There are also new tools emerging – some developed by new software companies and others by innovation consultancies – that make it easier for corporate innovators to leverage generative AI by reducing the need to write detailed prompts to accomplish their tasks. (You might consider these a “native gen AI” subset of the innovation management category.)
Raising the Bar
In 2023 and 2024, we’re seeing mainstream productivity applications become even more helpful when it comes to completing innovation tasks. That raises the bar for innovation management software companies trying to persuade leaders to adopt their platforms. Those companies will need to move quickly to integrate generative AI capabilities — which are becoming table stakes — into their platforms.
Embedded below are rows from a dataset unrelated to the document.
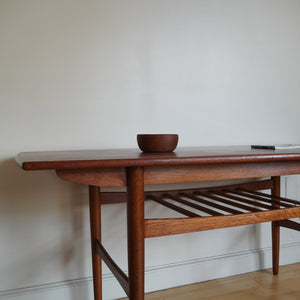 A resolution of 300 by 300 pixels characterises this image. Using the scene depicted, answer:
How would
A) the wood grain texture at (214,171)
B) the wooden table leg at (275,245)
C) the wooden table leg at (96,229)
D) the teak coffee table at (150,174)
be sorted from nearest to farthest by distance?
1. the teak coffee table at (150,174)
2. the wood grain texture at (214,171)
3. the wooden table leg at (96,229)
4. the wooden table leg at (275,245)

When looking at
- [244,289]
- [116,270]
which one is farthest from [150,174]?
[244,289]

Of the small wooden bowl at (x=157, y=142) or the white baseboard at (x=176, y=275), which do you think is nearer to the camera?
the small wooden bowl at (x=157, y=142)

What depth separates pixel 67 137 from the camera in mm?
1318

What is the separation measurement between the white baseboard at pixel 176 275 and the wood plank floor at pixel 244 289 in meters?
0.04

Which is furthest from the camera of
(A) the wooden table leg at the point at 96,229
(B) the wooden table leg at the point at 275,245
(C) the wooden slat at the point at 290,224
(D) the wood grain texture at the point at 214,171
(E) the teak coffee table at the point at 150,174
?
(B) the wooden table leg at the point at 275,245

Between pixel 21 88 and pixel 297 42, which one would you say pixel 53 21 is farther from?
pixel 297 42

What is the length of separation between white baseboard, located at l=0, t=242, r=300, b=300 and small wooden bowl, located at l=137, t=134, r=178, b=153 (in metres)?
0.72

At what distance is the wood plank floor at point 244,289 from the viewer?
1427 mm

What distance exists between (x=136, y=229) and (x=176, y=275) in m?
0.80

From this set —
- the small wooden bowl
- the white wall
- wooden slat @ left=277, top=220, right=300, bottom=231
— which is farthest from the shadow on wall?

And the advent of those new “native gen AI” innovation tools also threaten both the traditional innovation management software market — while also having the potential to truly disrupt the market for innovation consulting.
If you’re an innovation leader reading this, you’re already using mainstream productivity applications to help you do your job, and it is definitely worth exploring how generative AI features are already making those applications more helpful to you.
If you or your organization are already using an innovation management platform – or if you are beginning to build the case for adopting such a platform – it’s similarly worth exploring how generative AI is already beginning to reshape that market. And, to stay ahead of the curve, it’s worth keeping tabs on the maturation of those new “native gen AI” offerings since they may provide good support for some stages of your process — and be worth jumping through the hoops required to introduce a new software tool in your organization.
Ultimately, several important tasks will remain human-centric for the foreseeable future: identifying the right tool for the job, making the case for its adoption, engaging colleagues throughout the process, positioning the organization to use the tool effectively, and doing the best job possible communicating the value it creates.
Although, come to think of it, you can now use generative AI to support you on several of those tasks…
Alex Slawsby is InnoLead’s Chief Growth Officer. He has previously worked as a Director of Innovation at Embraer; as a technology analyst at IDC; and for the consulting firm Innosight. This article is part of a 2024 research initiative that will explore how corporate leaders use software as part of their innovation, transformation, and R&D activities.